When to use: Need to maintain document structure during extraction.
Common case: Converting articles to structured data.

AST Analysis

Pattern 12: Find All Functions

import tree_sitter_python as tspython
from tree_sitter import Language, Parser

def find_all_functions(source_code):
    """
    Find all function definitions with their names and line numbers.

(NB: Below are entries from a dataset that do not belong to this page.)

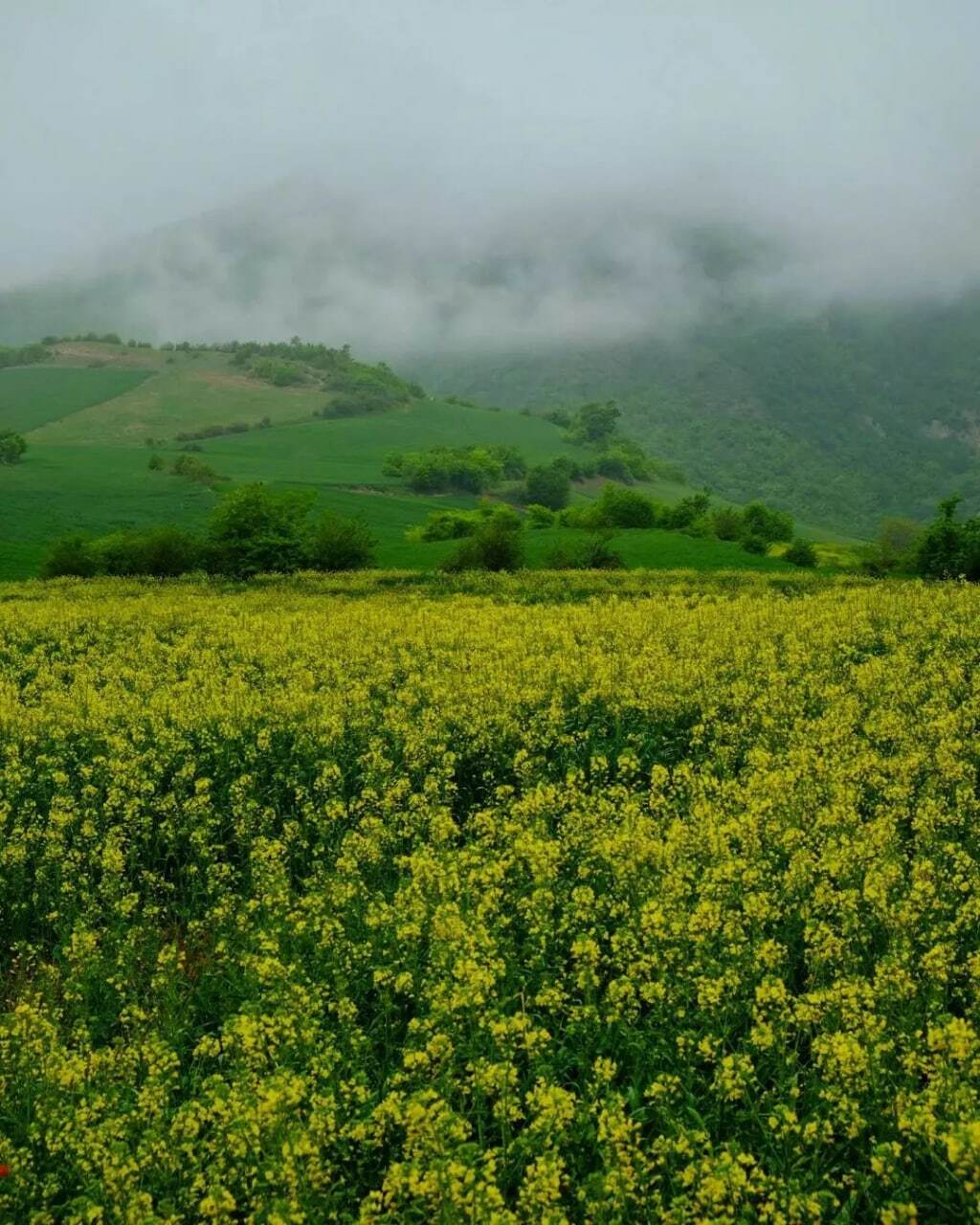 از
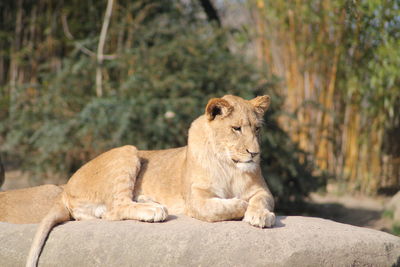 Lioness sitting on rock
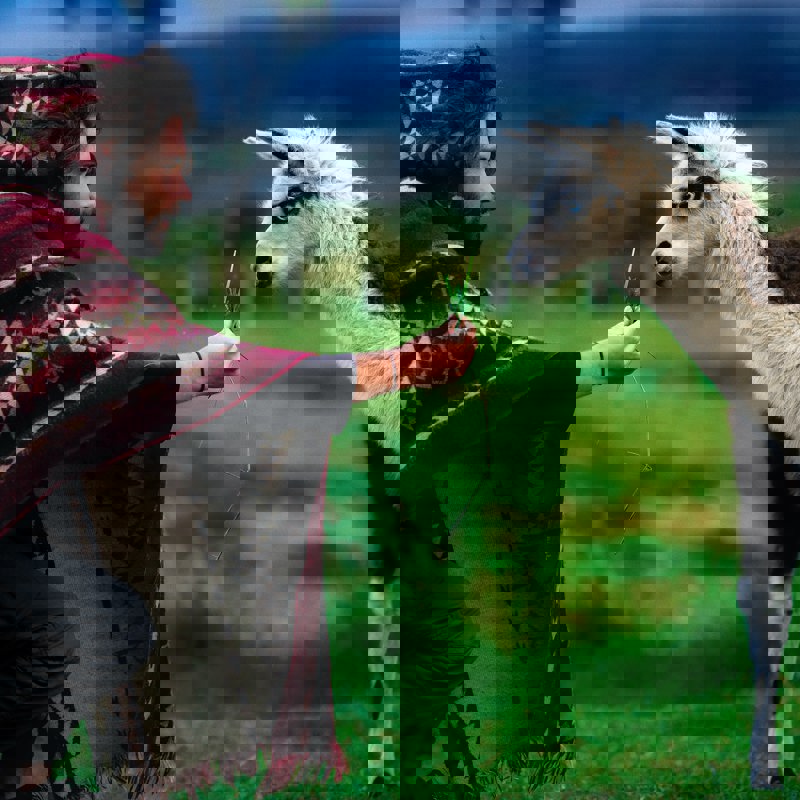 gleb-albovsky-8xCdS7FBpE8-unsplash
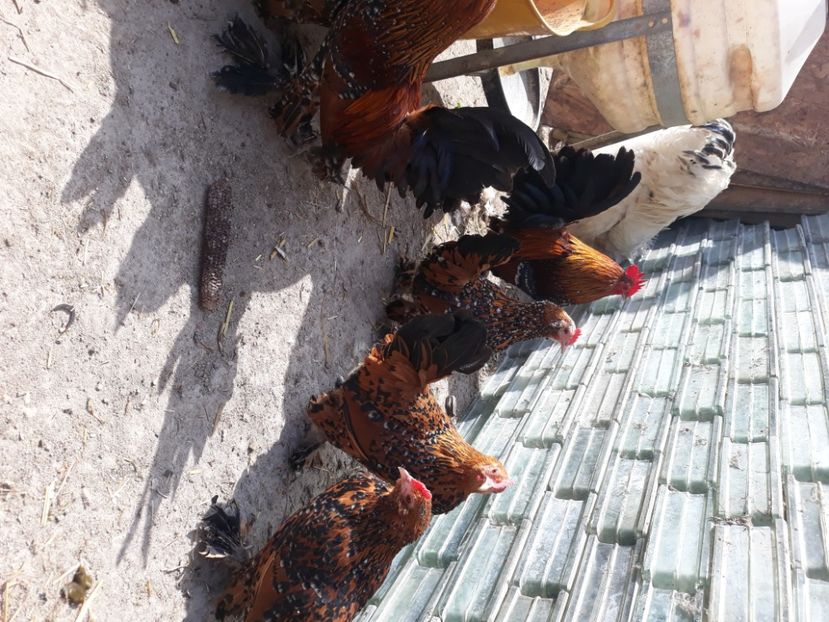  - Păsări mii de flori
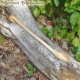 Large pot spoon birch wood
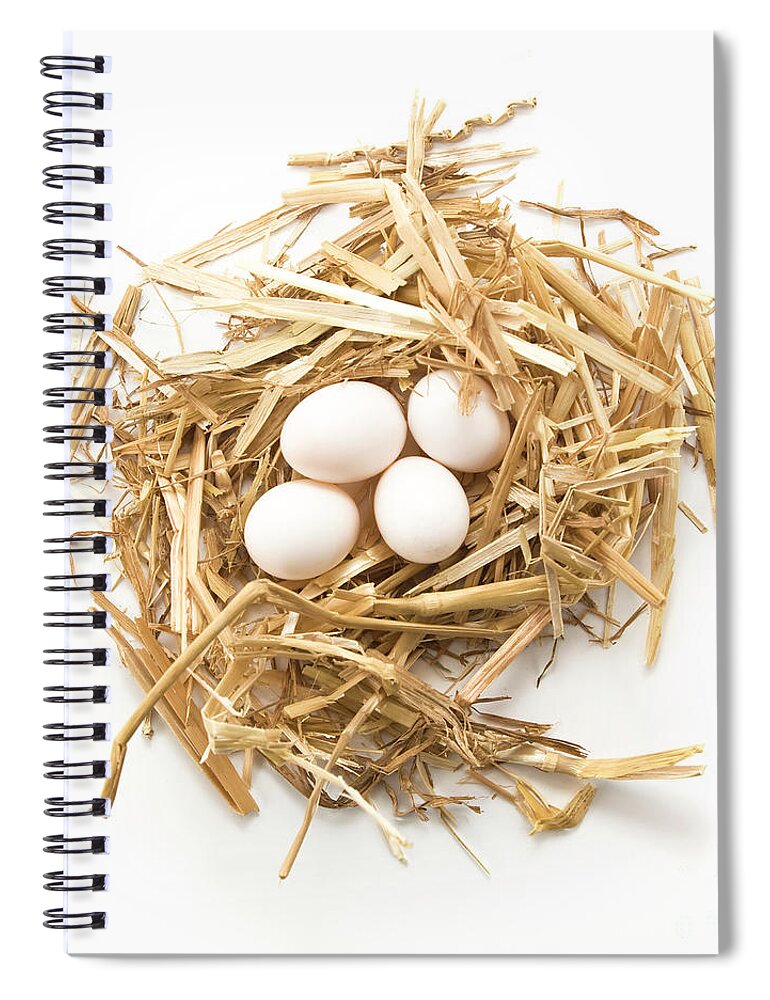 Egg Spiral Notebook featuring the photograph Nest with small white egg top view by Gregory DUBUS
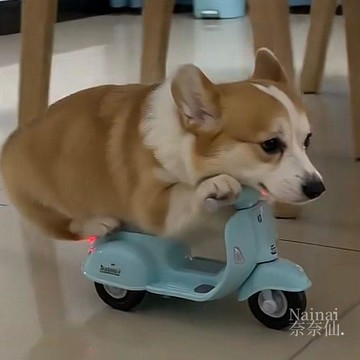 本土出貨免運臺現狗狗玩具車寵物電動摩托車旋轉炫技三輪幼犬專用消耗體力解悶自嗨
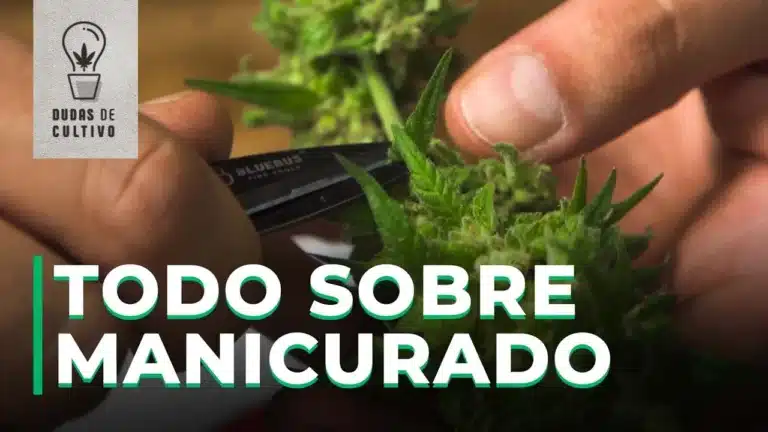 Manicura de Cannabis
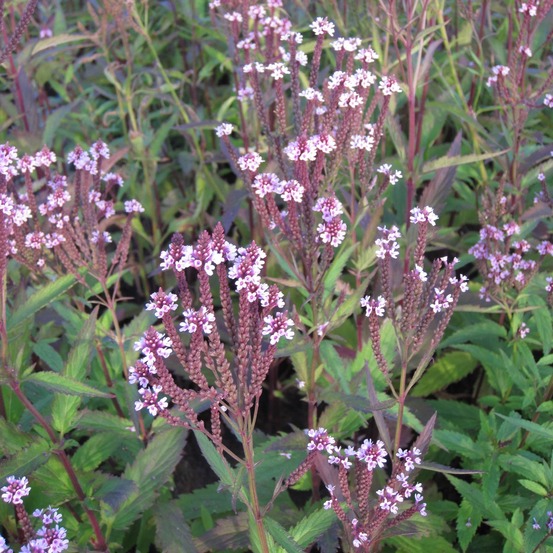 Verveine hastée 'rosea' godet de 8/9 cm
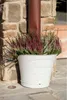 Bama Tulipano Bloempot 5L 34.5x19x30 cm 4 Stuks Wit Podgląd zdjęcia produktu 2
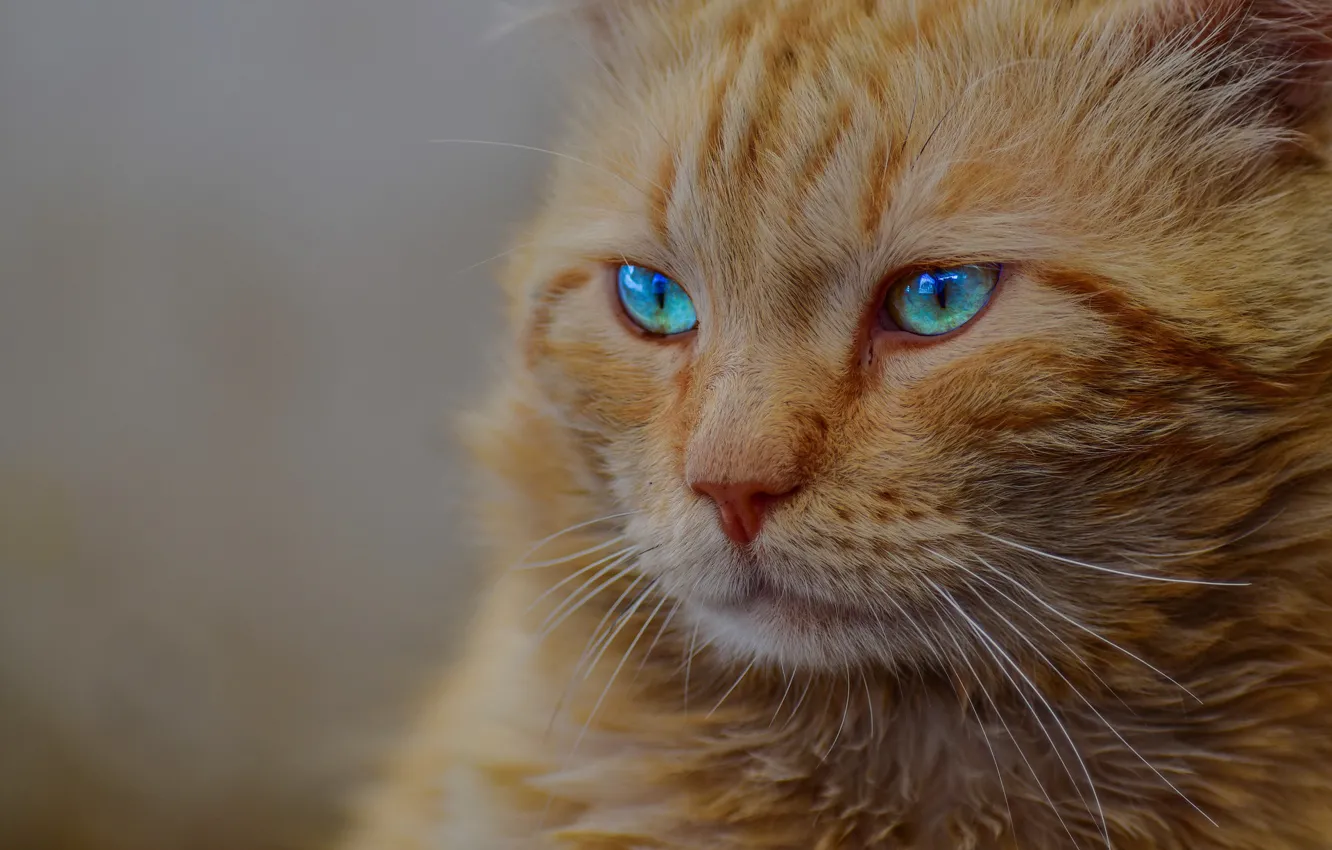 Фото обои мордочка, голубые глаза, рыжий кот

    Returns: [{'name': 'func_name', 'line': 10, 'code': '...'}, ...]
    """
    PY_LANGUAGE = Language(tspython.language())
    parser = Parser(PY_LANGUAGE)
    tree = parser.parse(bytes(source_code, 'utf8'))

    functions = []

    def _traverse(node):
        if node.type == 'function_definition':
            name_node = node.child_by_field_name('name')
            if name_node:
                func_info = {
                    'name': name_node.text.decode('utf8'),
                    'line': node.start_point[0] + 1,
                    'code': node.text.decode('utf8')
                }
                functions.append(func_info)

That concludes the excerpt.